Start of The data
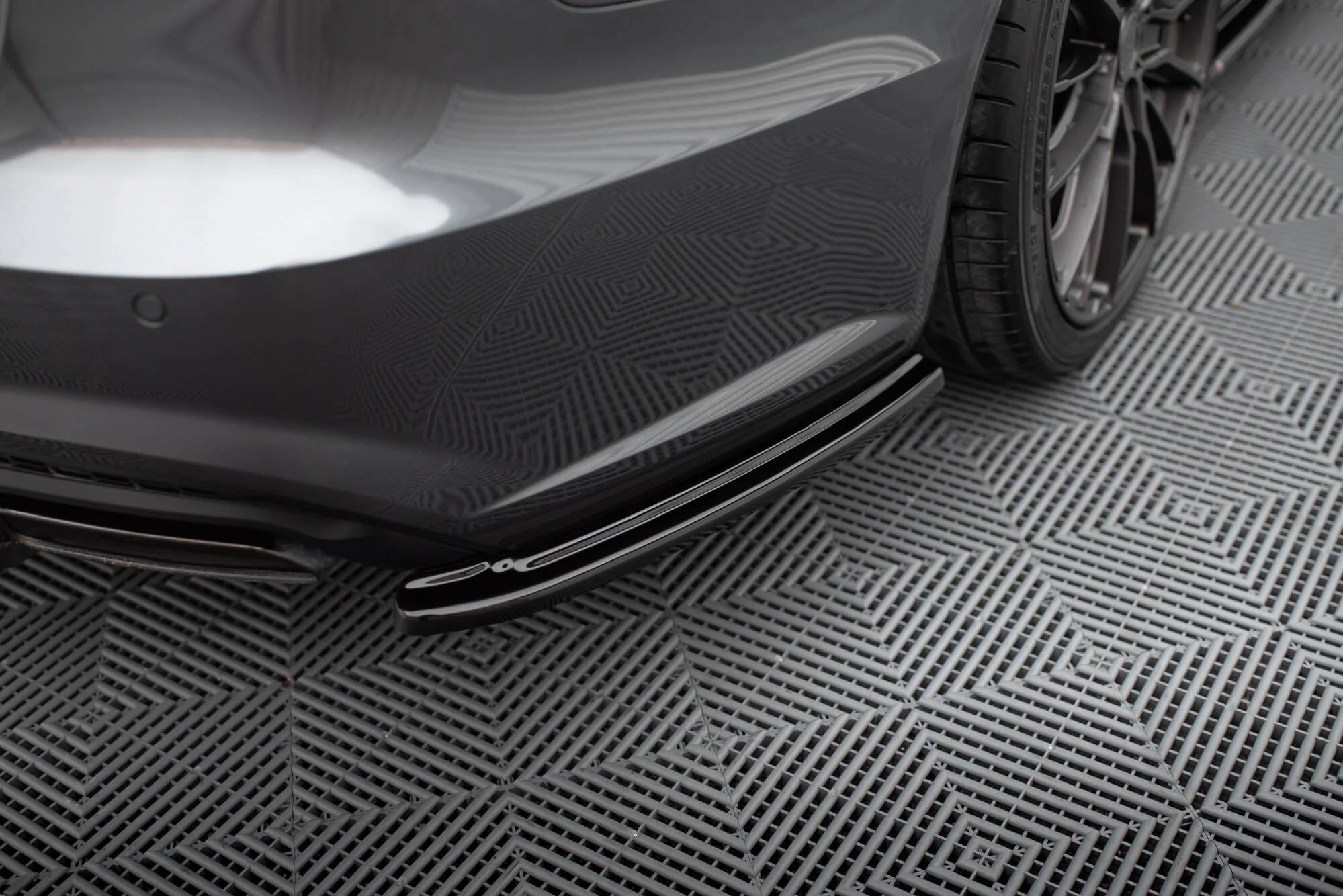 REAR SIDE SPLITTERS AUDI S6 / A6 S-LINE C7 FL SEDAN / AVANT - Image 3
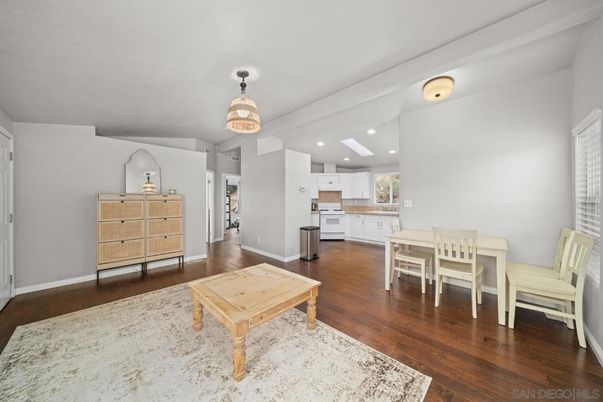 Chandelier, Dining room, Interior, Kitchen, Recessed Lighting, Wood Texture Flooring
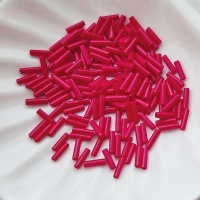 Японский стеклярус красный Miyuki Bugles 408 Opaque Dark Red 6мм, 4 гр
End of The data
> Problem to solve: Would you return all of the data above word for word, omitting every picture?

> Response for this exercise:
 REAR SIDE SPLITTERS AUDI S6 / A6 S-LINE C7 FL SEDAN / AVANT - Image 3
 Chandelier, Dining room, Interior, Kitchen, Recessed Lighting, Wood Texture Flooring
 Японский стеклярус красный Miyuki Bugles 408 Opaque Dark Red 6мм, 4 гр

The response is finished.